LSE Discretionary Bursary
The LSE Discretionary Bursary is available for new LSE students (from the UK and the EU) who face exceptional financial needs, including, for example, caring responsibilities, financial need related to disability or an unavoidable requirement to live at home. The value of the award may vary according to need. These Bursaries do not have to be repaid.
Each year LSE awards a number of scholarships - funded by private or corporate donation - to UK applicants to the School. The number, value, eligibility criteria and type of awards vary from year to year. Awards are made on the basis of financial need and academic merit.
Four Stelios scholarships, currently worth £5,444 per year, are available for UK students applying for business subjects at LSE.
Access to Learning funds
Registered UK students from low-income households can apply directly to LSE for Access to Learning funds. These funds are designed for students who may need extra financial support for their course, and are provided by the Government to assist with living expenses.
for EU students
LSE Discretionary Bursary
The LSE discretionary bursary is available to EU students. For information about this bursary and how to apply, please see the section on LSE financial support for UK students.

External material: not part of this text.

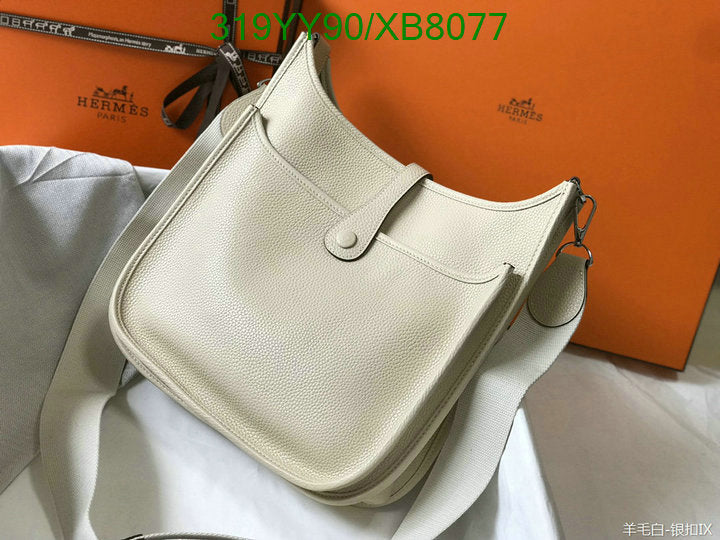 SAMC - HMS Bags - 467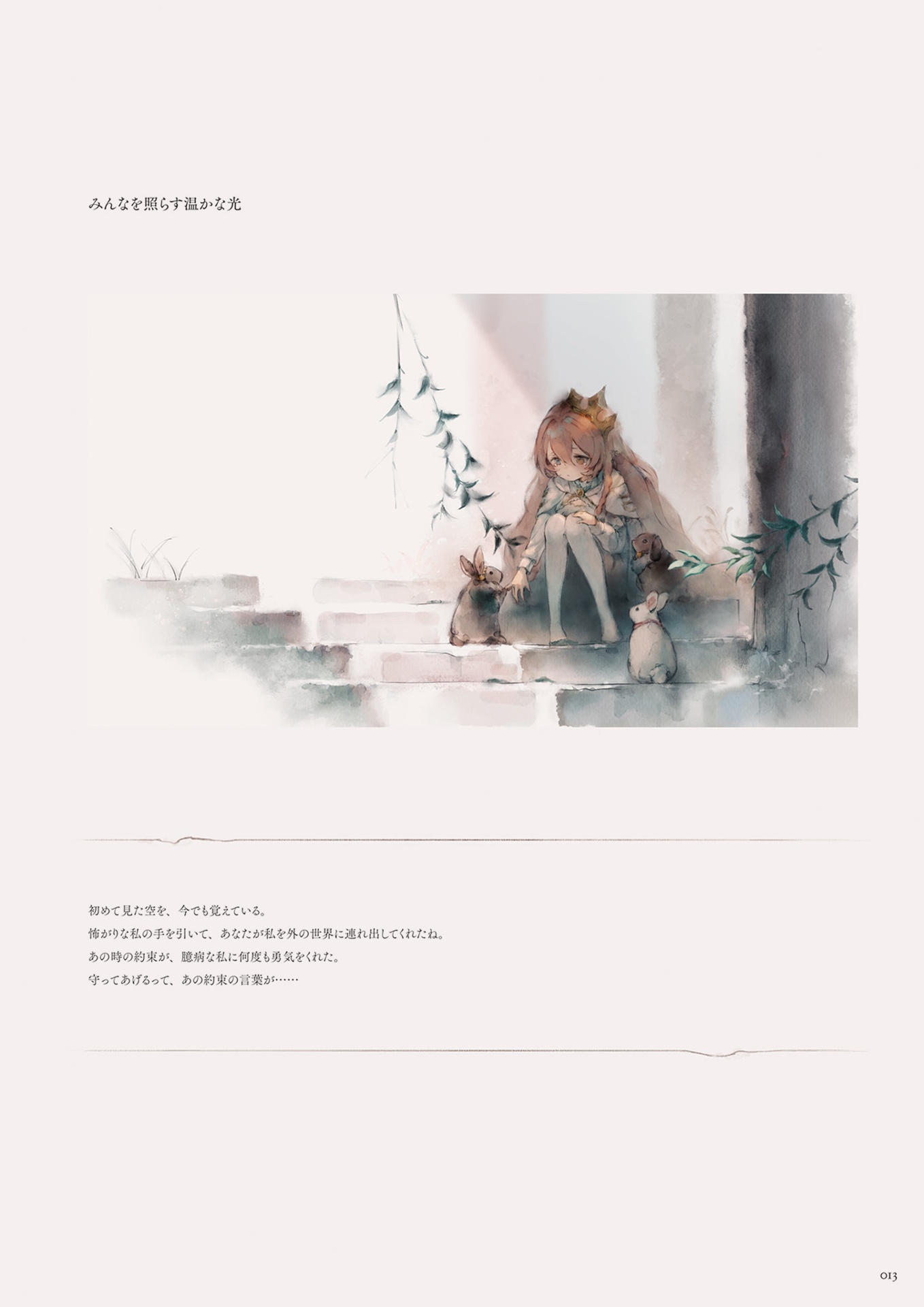 メメントモリ official art book - memento mori official art book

LSE offers a number of undergraduate scholarships of varying amounts each year to EU students.
Six Stelios scholarships, currently worth £5,444 per year, are available for EU students applying for business subjects at LSE.
for overseas students
LSE undergraduate support scheme
The LSE undergraduate support scheme (USS) is designed to help overseas students who do not have the necessary funds to meet all their costs of study. In 2008, the School disbursed nearly £1 million in entrance awards available to self-financing students of all nationalities. This financial aid is available only for study at LSE. If you are made an offer of admission, we will advise you on how to apply to the USS online. This system is able to provide an immediate indication of an applicant's eligibility for assistance. In the first instance, you will be assessed on the basis of your financial circumstances. Awards are renewable for each year of your course. Applications will be considered between the end of February and the middle of August.
The School offers a limited number of undergraduate scholarships of varying amounts each year for overseas students.